Nikki Haley. I missed this. I’m going to go back and find and watch it. But my understanding is that she was sort of the calming influence to set up fellow South Carolinian Tim Scott. Part of the process of transitioning from the loudly crazy. I’ll bet she was good at that. Disappointing that she was there, though. For some time, she’s distanced herself from the Trump circus. It’s rather awful, and something that will always attach to her name to her discredit, that she showed up now to pledge her fealty.
Tim Scott. This was the highlight of the evening. It was a stunning contrast to everything that had gone before, a speech that would not have been out of place at a real Republican convention 30 or 40 years ago. Which is the moment Sen. Scott seems to think he’s living in, speaking of a GOP that’s all about personal responsibility, fiscal restraint, and loving America. I don’t know Tim Scott, by the way. He emerged beyond local Charleston politics after my time dealing professionally with state leaders. I’ve never even met him. But I have the impression that he’s a nice man, a sincere man. A good man, although a terribly deluded man to let himself be used this way. And he brought that to the screen last night. A person who saw nothing but his speech might convince himself, “It’s OK to vote Republican this year! It really is!” But that person would have to do what Tim Scott has done: Ignore everything we’ve seen over the last four years. It was a stroke of towering manipulation to put this nice, decent thoughtful black man on in the slot of honor on the first night, after a couple of hours of manic racist rants. Surely no one’s buying it. Right?
Then, there were the people who were not there:
Any former president or nominee. OK, so only one former president is alive. But this is pretty jarring — the complete lack of anyone whose presence puts a stamp on the legitimacy of the gathering, who says Yes, this is the convention of a party that is both Grand and Old. We’ve never seen this before, and surely no one has missed the point — that all this is about is Donald J. Trump and those who will remake themselves in his image.

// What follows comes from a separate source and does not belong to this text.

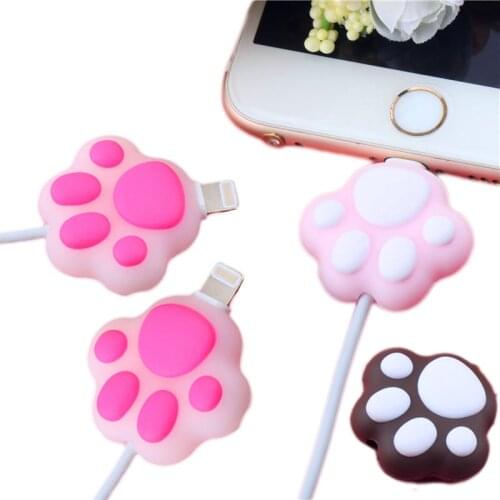 2PCS Cartoon Cat Paws Cable bite protector Cute organizer winder Cable Holder for iphoneXS 8Plus cable Mobile phone accessories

Lindsey Graham or Henry McMaster. Not that I missed them at all. But it’s interesting. Before becoming Trump’s mindslaves, these guys pretty much represented what Republicanism was about, in South Carolina anyway. Remember, Henry was Ronald Reagan’s appointee as U.S. attorney, and that sort of affiliation was what defined him for decades. But these South Carolinians were set aside for two who represented a momentary, shockingly bold attempt to pretend that the rest of the evening hadn’t been about white people being terrified by dark people (I mentioned the McCloskeys, right?). So it’s worth noting.
Bob Inglis. God Bless Bob. Bob, of course, was one of the original religious-right conservatives who took over the party in the first half of the 1990s. He was the prototype of the sort of Republican Tim Scott sees himself as. He was a man of principles then, and he’s a man of principles now. Which we saw yesterday.
That’s enough to start a discussion. Have at it…
I shot this in 2004, on actual film — which I had to take to a Duane Reade and have digitized so I could send it back to Columbia. As you see, a typical GOP convention of the past — with Bush 41, and Rudy before he became Trump’s boy.